La resistencia que aparentemente existe para proporcionar datos biométricos para algún trámite o para obtener un instrumento oficial de identificación con la CURP no tiene razón de ser: en términos reales, desde hace bastantes años —ya sea como empleados o usuarios de servicios bancarios, por ejemplo— se hace uso de datos biométricos de las personas para validar su identidad.
Incluso se utilizan como medida de seguridad para desbloquear teléfonos, tabletas o computadoras, así como para realizar la validación de acceso legal a servicios de banca móvil.
En el plano más elemental, en un número importante de empresas del sector privado los controles de asistencia o acceso a áreas restringidas se realizan mediante lectores de huellas digitales o el rostro. Aunque hay casos en los que se requiere la verificación mediante la pupila ocular.
El uso de datos biométricos en la actualidad es una acción que incluso se usa para acceder a algunos domicilios.
Al margen, debemos considerar que hay dispositivos electrónicos —como la afamada Alexa— que pueden programarse para responder a la voz de una persona, exclusivamente, para realizar determinadas acciones.
En tanto, desde hace años el INE al momento de tramitar la credencial toma foto y huellas digitales de los usuarios por medios electrónicos.
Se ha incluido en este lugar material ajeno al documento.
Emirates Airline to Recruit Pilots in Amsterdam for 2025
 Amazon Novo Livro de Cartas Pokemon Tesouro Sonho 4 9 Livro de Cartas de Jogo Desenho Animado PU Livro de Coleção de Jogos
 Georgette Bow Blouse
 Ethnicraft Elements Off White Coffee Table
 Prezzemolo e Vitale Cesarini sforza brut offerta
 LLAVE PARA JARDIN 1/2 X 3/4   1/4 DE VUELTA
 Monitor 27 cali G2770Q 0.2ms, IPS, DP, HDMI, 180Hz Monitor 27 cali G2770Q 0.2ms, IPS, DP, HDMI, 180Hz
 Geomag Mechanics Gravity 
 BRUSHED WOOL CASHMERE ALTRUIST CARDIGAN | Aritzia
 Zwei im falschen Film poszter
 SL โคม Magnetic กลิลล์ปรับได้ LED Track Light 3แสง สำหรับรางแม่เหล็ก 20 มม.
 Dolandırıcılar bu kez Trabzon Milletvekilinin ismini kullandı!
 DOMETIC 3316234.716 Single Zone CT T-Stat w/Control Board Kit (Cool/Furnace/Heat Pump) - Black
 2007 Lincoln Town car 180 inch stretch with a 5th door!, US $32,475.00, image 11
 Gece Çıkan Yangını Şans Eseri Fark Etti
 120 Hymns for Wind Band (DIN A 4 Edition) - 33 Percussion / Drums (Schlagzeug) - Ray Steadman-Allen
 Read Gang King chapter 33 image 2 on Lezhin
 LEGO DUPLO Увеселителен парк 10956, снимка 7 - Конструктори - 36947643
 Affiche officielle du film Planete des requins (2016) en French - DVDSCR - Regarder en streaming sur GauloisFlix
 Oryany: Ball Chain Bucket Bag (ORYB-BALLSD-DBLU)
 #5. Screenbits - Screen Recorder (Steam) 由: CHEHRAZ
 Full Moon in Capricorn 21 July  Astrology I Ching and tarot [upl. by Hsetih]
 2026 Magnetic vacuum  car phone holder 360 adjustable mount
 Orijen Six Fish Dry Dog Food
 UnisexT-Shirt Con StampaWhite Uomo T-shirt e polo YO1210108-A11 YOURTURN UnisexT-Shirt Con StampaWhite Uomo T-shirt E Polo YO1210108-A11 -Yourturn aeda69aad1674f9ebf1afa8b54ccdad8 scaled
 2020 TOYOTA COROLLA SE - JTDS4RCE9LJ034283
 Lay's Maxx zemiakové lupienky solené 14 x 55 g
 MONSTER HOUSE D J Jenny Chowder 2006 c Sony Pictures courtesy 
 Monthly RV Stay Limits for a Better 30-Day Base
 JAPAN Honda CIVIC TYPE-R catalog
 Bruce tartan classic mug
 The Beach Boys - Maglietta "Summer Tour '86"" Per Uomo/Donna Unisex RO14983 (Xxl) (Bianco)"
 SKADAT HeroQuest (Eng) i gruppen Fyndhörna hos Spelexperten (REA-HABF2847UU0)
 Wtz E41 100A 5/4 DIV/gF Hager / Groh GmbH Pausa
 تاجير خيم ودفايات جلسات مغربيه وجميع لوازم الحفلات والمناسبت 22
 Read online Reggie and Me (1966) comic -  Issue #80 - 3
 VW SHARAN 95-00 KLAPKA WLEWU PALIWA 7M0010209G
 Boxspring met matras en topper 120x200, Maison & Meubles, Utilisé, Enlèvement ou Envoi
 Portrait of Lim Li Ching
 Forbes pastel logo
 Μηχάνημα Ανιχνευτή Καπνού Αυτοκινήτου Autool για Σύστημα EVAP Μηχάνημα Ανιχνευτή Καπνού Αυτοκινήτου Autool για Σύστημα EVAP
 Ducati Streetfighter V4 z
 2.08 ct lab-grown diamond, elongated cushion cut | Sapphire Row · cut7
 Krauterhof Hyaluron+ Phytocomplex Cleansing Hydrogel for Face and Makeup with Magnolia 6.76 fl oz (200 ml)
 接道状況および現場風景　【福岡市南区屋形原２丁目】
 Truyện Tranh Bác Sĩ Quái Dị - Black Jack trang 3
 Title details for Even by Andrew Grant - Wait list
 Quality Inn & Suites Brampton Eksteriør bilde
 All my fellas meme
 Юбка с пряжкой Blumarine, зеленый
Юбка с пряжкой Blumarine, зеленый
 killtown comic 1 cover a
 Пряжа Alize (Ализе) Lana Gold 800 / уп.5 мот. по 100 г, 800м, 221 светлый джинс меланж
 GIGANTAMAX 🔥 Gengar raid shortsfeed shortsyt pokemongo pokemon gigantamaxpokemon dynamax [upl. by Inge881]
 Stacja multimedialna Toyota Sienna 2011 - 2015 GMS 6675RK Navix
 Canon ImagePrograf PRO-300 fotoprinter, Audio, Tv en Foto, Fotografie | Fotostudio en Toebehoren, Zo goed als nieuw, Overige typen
Mientras que en las instituciones bancarias se realizan acciones similares con la finalidad de brindar a los usuarios de sus servicios un nivel considerable de certeza.
En suma, los datos biométricos como vía de validación de identidad están lejos de ser algo novedoso y negativo, aunado al hecho de que brindan certeza y credibilidad.
Los datos biométricos están ligados intrínsecamente a las nuevas tecnologías. En esencia, su uso agrega un mayor grado de seguridad al reemplazar la manera de autentificar que tiene una persona para acceder a información sensible que le pertenece.
En resumen, actúan como control de acceso en entornos seguros, tanto físicos como digitales.
Características básicas
Los datos biométricos se definen como las características físicas o de comportamiento que pueden utilizarse para identificar digitalmente a una persona. En esencia son un paso adelante para evitar, en principio, el robo de identidad.
Entre los datos biométricos destacan huellas dactilares, patrones faciales e identificación de voz.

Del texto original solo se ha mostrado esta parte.